This post was written by Rabbi Ted Stainman who is volunteering as an English tutor in Netanya with the Ethiopian National Project (ENP). The ENP works closely with Ethiopian youth between the ages of 13 -18 in 20 communities throughout Israel. Rabbi Stainmen is sharing his experiences with Skilled Volunteers for Israel.
I just had one of the most fascinating and informative discussions of my life. I have come to Israel to help with the Ethiopian National Project. This is an organization set up to help the immigrants from Ethiopia successfully integrate themselves into Israeli life. It operates youth centers, after school programs and social services for the immigrant community and is sponsored by the Israeli government and donations from various Jewish sources around the world. Many North American Federations are sponsors of the work of the ENP.
Since every student in Israel has to pass an examination in among other subjects, English, there is a need for additional help with this area of study. By the way English is an incredibly difficult language if you are not a native speaker. Its rules and exceptions and sounds are very challenging. Nevertheless, English is the international language and the key to the world culture we take for granted. Possessing an understanding of and fluency in English is a door through which every student and educated person in Israel must pass.

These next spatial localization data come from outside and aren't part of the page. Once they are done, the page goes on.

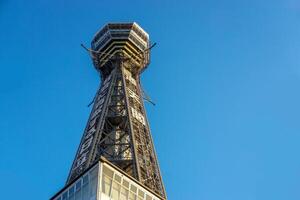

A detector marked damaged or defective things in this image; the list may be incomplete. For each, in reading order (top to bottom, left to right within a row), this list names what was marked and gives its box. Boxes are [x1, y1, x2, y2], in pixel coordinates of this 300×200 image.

rusty metal structure [63, 22, 166, 199]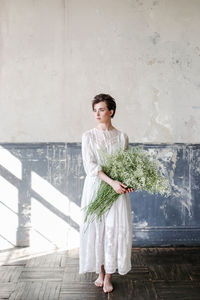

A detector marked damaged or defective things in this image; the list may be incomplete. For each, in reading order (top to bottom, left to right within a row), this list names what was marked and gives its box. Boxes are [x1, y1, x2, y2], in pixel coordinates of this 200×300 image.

peeling plaster wall [0, 0, 200, 143]
peeling plaster wall [0, 143, 200, 248]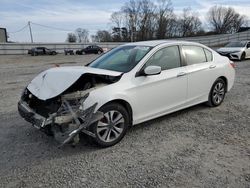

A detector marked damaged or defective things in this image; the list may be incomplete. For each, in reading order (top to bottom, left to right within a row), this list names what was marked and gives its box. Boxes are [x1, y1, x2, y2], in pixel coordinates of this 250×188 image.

damaged front end [18, 67, 121, 147]
crumpled hood [27, 67, 121, 100]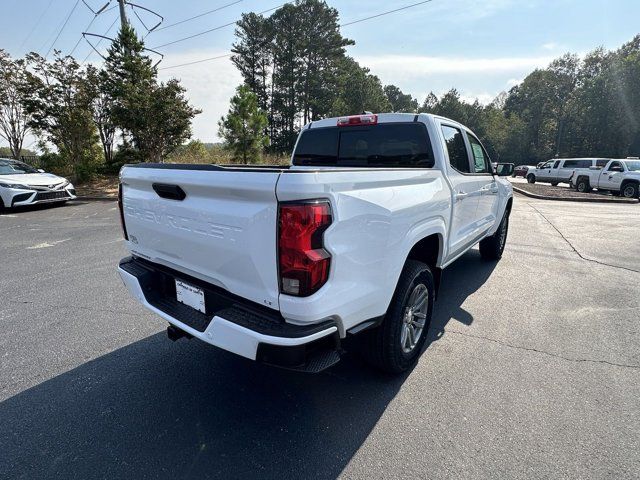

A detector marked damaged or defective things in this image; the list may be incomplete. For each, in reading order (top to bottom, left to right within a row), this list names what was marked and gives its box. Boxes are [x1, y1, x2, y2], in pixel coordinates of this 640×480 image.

My job here is to help high school students review their English language assignments and do their homework. Additionally I have been sitting with the core of professional social workers and community organizers who also want to improve their command of English by just sitting and practicing English with a native speaker.
This is how I heard the story I am going to tell you about. It concerns the history of the Jewish community of Ethiopia and how they came to make a mass immigration to Israel in the 1980’s and continue to come to this day.
First a little history. Ethiopia is in Eastern Africa across the Red Sea from Arabia and located south of Sudan and north of Somali. It is a dangerous and unstable part of the world. The fact that there were Jews living there was almost entirely unknown to Western Jewry until late in the 19th century. These Jews had survived in Ethiopia for hundreds if not thousands of years and had developed a unique religious tradition which did not include the rabbinic period nor the Talmudic literature. They had the Torah but not the post Biblical literature that we have come to associate with Judaism. Nonetheless, they thought of themselves as a separate people from the other religions and people of Ethiopia and knew that they were connected to the Jewish people whose roots were the land of Israel.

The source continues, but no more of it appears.